When asked by Showtime's Jim Rome this week if the Heat can beat the Pacers without home-court advantage this season, All-Star forward Paul George said he doesn't see that happening.

"We don't," George said. "I mean, we know how well we play at home. We're one of the best teams in the postseason last year defending our home court. We just know how big home-court advantage is when it comes down to postseason. That's one of our main goals this year is to lock up the first seed so we can have the opportunity to play at home throughout the whole playoffs."

While George isn't exactly engaging in chest-thumping trash-talk here, his point is clearly stated. Last year, Indiana was 8-1 at home during the 2013 playoffs, with their lone loss coming to -- you guessed it -- Miami.

In a recent interview with CBS Sports Radio, Pacers coach Frank Vogel elaborated on what's behind his team's night-to-night focus.

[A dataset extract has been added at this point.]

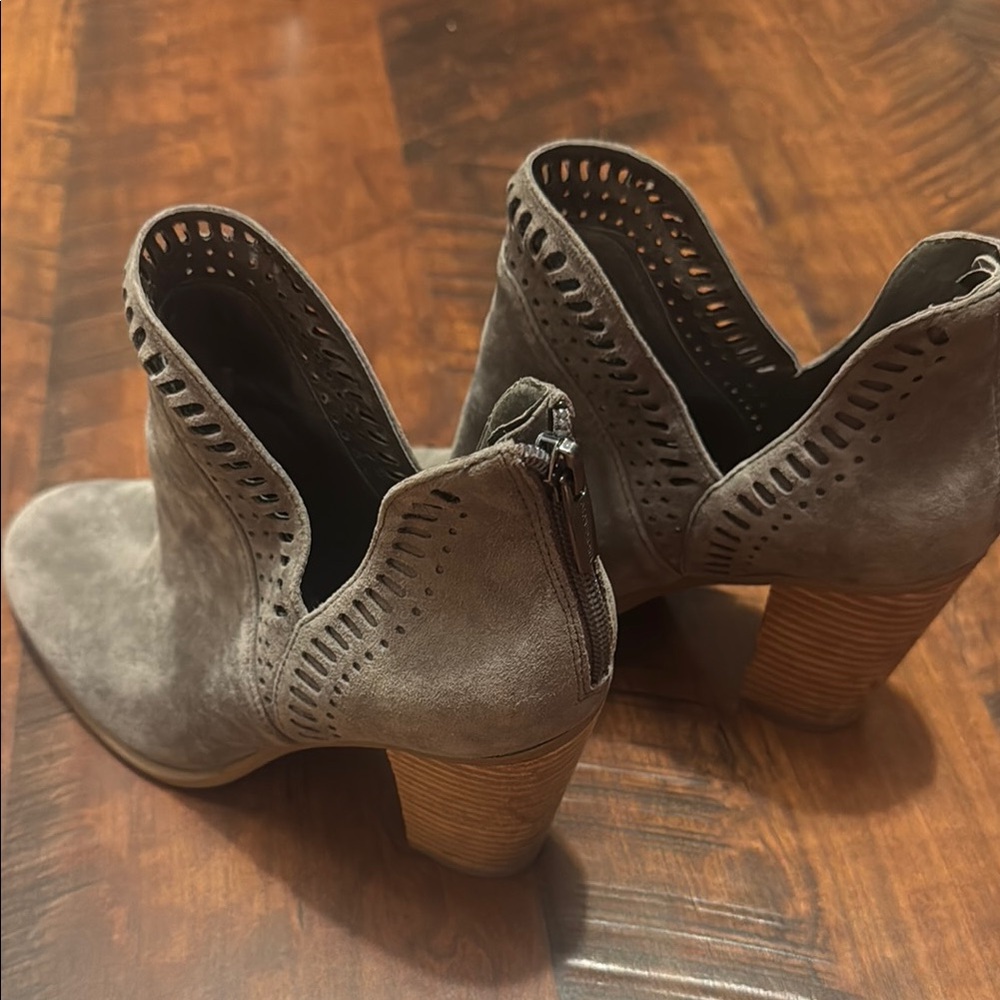 Gray Vince Camuto Suede Ankle Boots 7.5 - Picture 8 of 11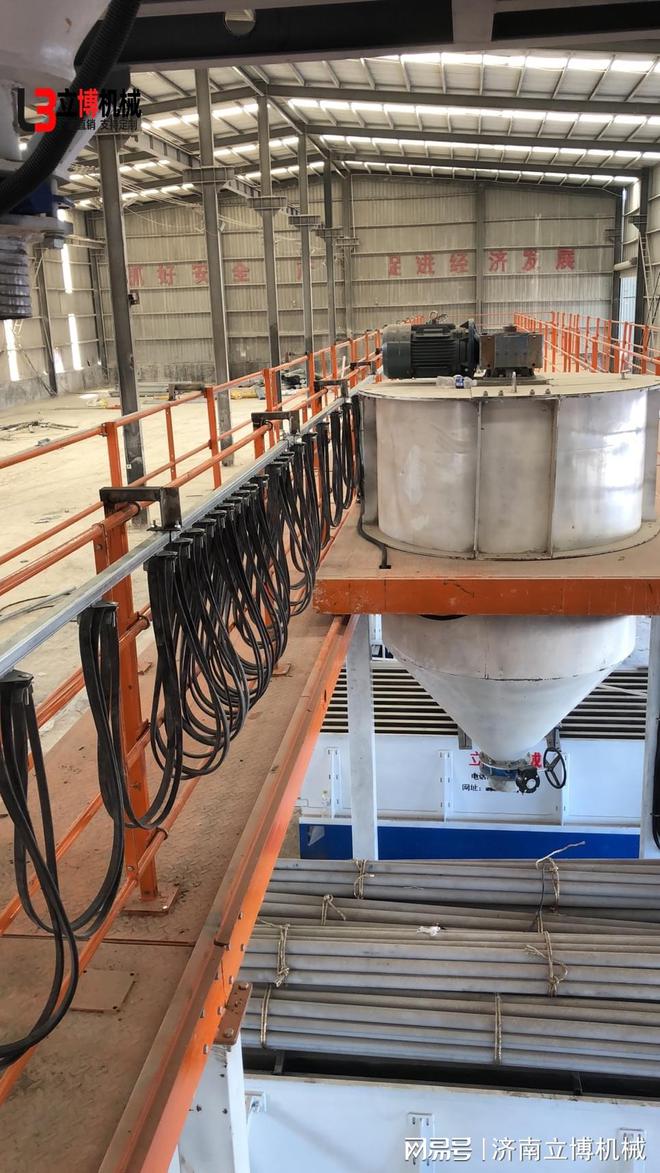 厂房隔墙板生产设备(图3)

“We’ve got a goal that we’re hanging onto right now that’s kind of driving us each night, and that’s to earn home-court advantage,” Vogel said. “We think it could be a difference-maker come playoff time against some of these teams. ... We understood what the Miami Heat accomplished last year, winning 66 games (and) going on a (27)-game win streak. We feel like that could easily happen again at any time, so we never feel safe about whatever kind of lead we have in the standings. We feel like every single night could be the difference between having home-court advantage and not having it. So our guys are really keeping that laser focus.”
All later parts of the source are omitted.